© INTERNEEn 2001, 150.000 portables ont été déclarés dérobés en France. Après plusieurs réunions avec les représentants des pouvoirs publics, les opérateurs de téléphonies mobiles ont décidé de prendre le taureau par les cornes. Ils ont décidé de la mise en place d'une base de données commune qui permettra de rendre inutilisables les portables volés. Ce système reposera sur l'identification et le traçage des portables déclarés volés grâce à leur numéro d'identité IMEI (International Mobile Equipment Identity).
"Aujourd'hui, lorsqu'un mobile est déclaré volé, on appelle le service client (de son opérateur) et la carte SIM est éteinte", a expliqué M. Quillot. Avec le futur système, "on identifiera et on tracera le numéro IMEI des mobiles volés et on pourra ainsi agir non seulement sur la carte SIM mais aussi sur le mobile pour lutter contre le recel", a-t-il poursuivi.

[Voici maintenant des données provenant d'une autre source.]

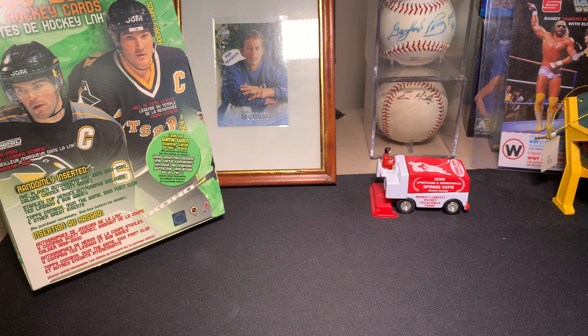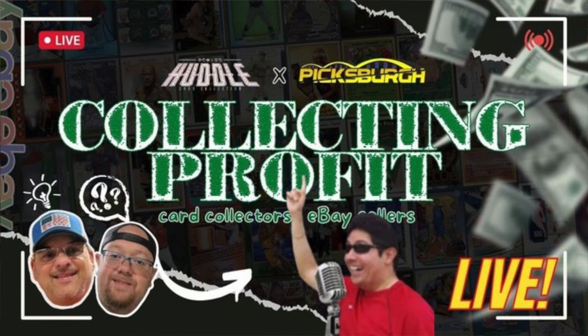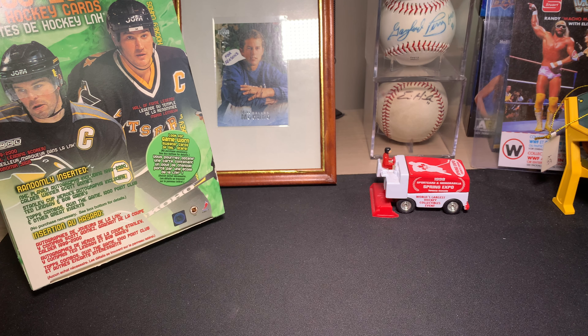This upcoming Wednesday I'm going to be on the PickSberg YouTube channel — I'll include a link in the description. It's going to be a live stream, I think 10 p.m. Eastern time. The guys will have whatever agenda they have; we'll talk about whatever they want to chat about, whatever questions or topics they want to discuss. Should be a lot of fun, so hopefully you'll be able to join us.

En effet, lorsqu'un portable est volé, il peux encore être utilisé en changeant la puce qui correspond à l'abonnement. Cette base de données interdirait l'utilisation de ce téléphone portable sur tous les réseaux mobiles français.

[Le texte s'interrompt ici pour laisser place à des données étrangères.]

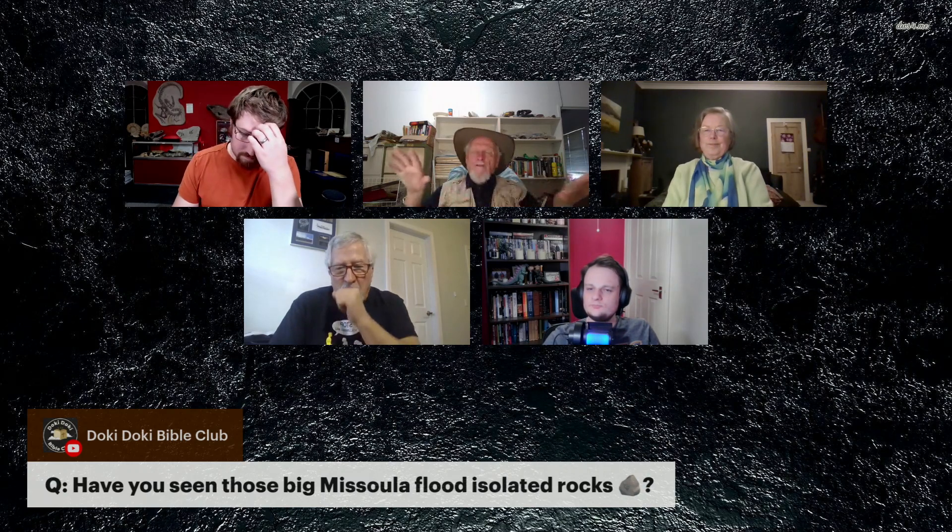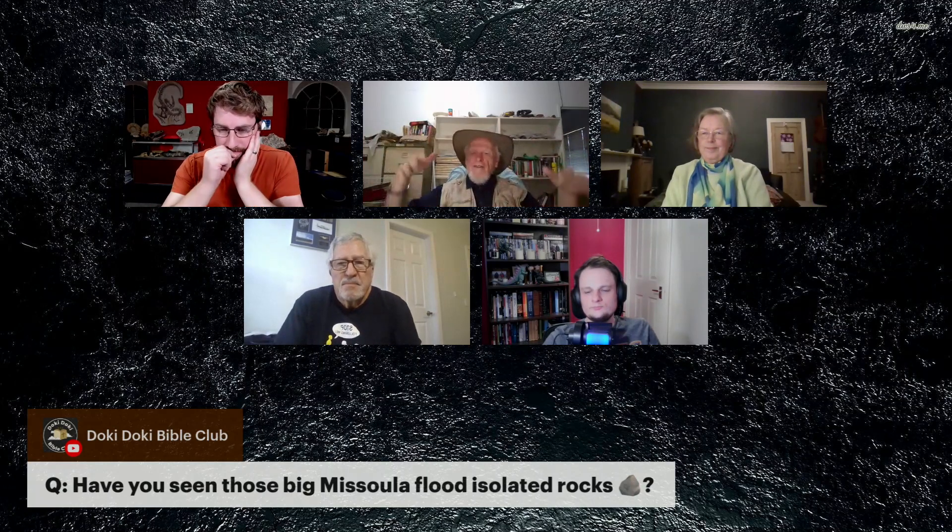Doki Doki has said, have you seen those big Missoula flood isolated rocks? Yes, I've been to Missoula, flown all over it, investigated it, and even flown over the fossil waterfalls there where you have evidence of massive water flow carving out the cliff faces and pouring down. It just looks like Niagara Falls on a bad day when no water is moving over it at all.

Reste un épineux problème technique : cette méthode ne sera efficace que pour les nouveaux portables. En effet, seuls les derniers portables comportent un numéro IMEI stocké "en dur" dans un composant. Jusqu'à maintenant, ces données pouvaient être modifiées de façon logiciels avec des programmes disponibles sur le Web. Il faut ajouter que certains numéros IMEI peuvent avoir été attribués à plusieurs portables par les constructeurs. Malgré ces restrictions, le dispositif devrait être opérationnel officiellement dès la fin d'année. Didier Quillot, directeur général d'Orange France, a même précisé qu'il serait "déjà pleinement efficace à partir de juin 2002".